ST. LOUIS – Solving the city’s crime problems means getting help from everybody, city Treasurer Tishaura Jones said.
“We have to bring everybody to the table, because crime just doesn’t stop at Skinker Boulevard and the Mississippi River; but that means engaging our partners to the west and to the east to come together to the table with active strategies to reduce crime,” said Jones, who is in her second run for mayor.
It’s part of an effort Jones said she would make to promote opportunity for all.
“Instead of saying no to opportunity, change, innovation and equitable growth for all, let’s try saying yes. We’re not a poor city, we are a cheap city, because we have refused to invest in what will move our city forward,” Jones argued.
“You should be able to succeed here regardless of your skin color, whom you love, how you worship or any identification you hold,” Jones asserted. “I’m going to build a city where each and every one of you feels welcome. And I know that we can do that together.”
Speaking of the problems of crime, Jones cited a number of organizations that do good work. Those include Cure Violence, a program that intervenes in the lives of people at risk of committing a crime.
“We have to declare gun violence as a public health crisis, which brings everyone to the table, just like we did in this pandemic,” Jones said.
Jones also said the city must hold accountable everyone who was responsible for the recent violence at the St. Louis Justice Center.
“It’s deplorable the conditions our detainees are currently in in our city jails,” Jones said. She especially spoke out against the fact that locks in the jail didn’t work. The condition is definitely a human rights issue, she said.
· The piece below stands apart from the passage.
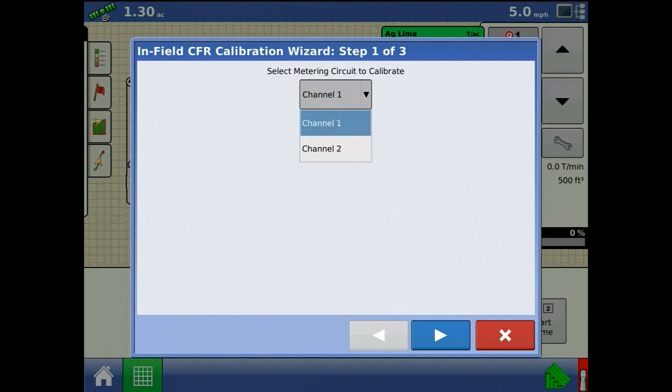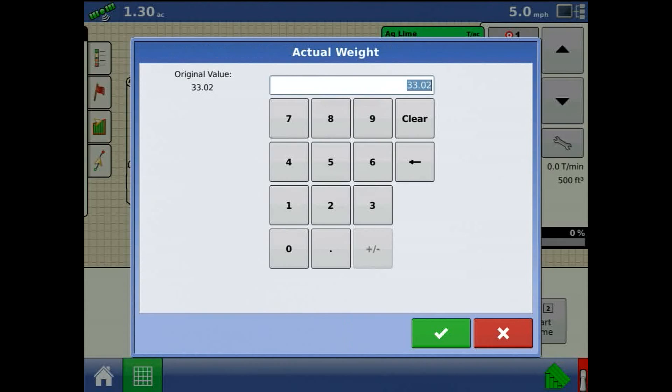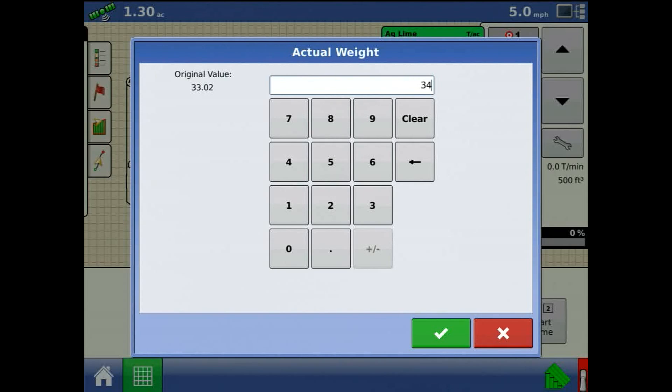Here we can define which channel to calibrate. The accumulated weight versus what we can enter as the actual weight are displayed. Press the keypad to adjust actual weight if need be. Press the blue right arrow and our updated CFR number will appear.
“We should be treating any detainees with dignity and respect, whether they are in and out of our jails,” Jones asserted. The city should work with judges and the circuit attorney’s office to make sure detainees get through the court system and don’t have to stay in jail, she said.
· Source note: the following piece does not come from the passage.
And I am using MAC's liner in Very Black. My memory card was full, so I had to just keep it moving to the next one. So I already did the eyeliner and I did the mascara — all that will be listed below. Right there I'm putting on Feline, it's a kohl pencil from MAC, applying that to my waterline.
Jones said she was committed to closing the city’s controversial Medium Security Institution, also called the Workhouse. But officials may have to work to fix problems in the Justice Center before it can do that, Jones said.
Speaking of calls to “defund” police, she said, “This is about restructuring our public safety budget and shifting the ‘public’ back into public safety.”
For example, Jones said, she’s been promoting since 2017 the placement of social workers in the police department. She’s glad that such a program is underway. She’d like to make sure that the best professional goes out with every call.
Asked what the mayor could do to get St. Louisans vaccinated more quickly, Jones said the city should develop partnerships with organizations that deliver direct care, such as the St. Louis County Health Department. The establishment of convenient vaccination clinics also might help, she said.
Bringing the city and county together might take a number of small steps, she said, rather than talk about issues over a number of years. She also pointed out that she has been endorsed by County Executive Sam Page and County Prosecuting Attorney Wesley Bell.
This is one of four articles for MetroSTL.com about the 2021 candidates for mayor. An aide for City Treasurer Tishaura Jones’ mayoral campaign did not respond to repeated requests for an interview. Therefore, this article is based on Jones’ comments in a virtual primary debate broadcast on Five on Your Side, Nine PBS and St. Louis Public Radio on Tuesday.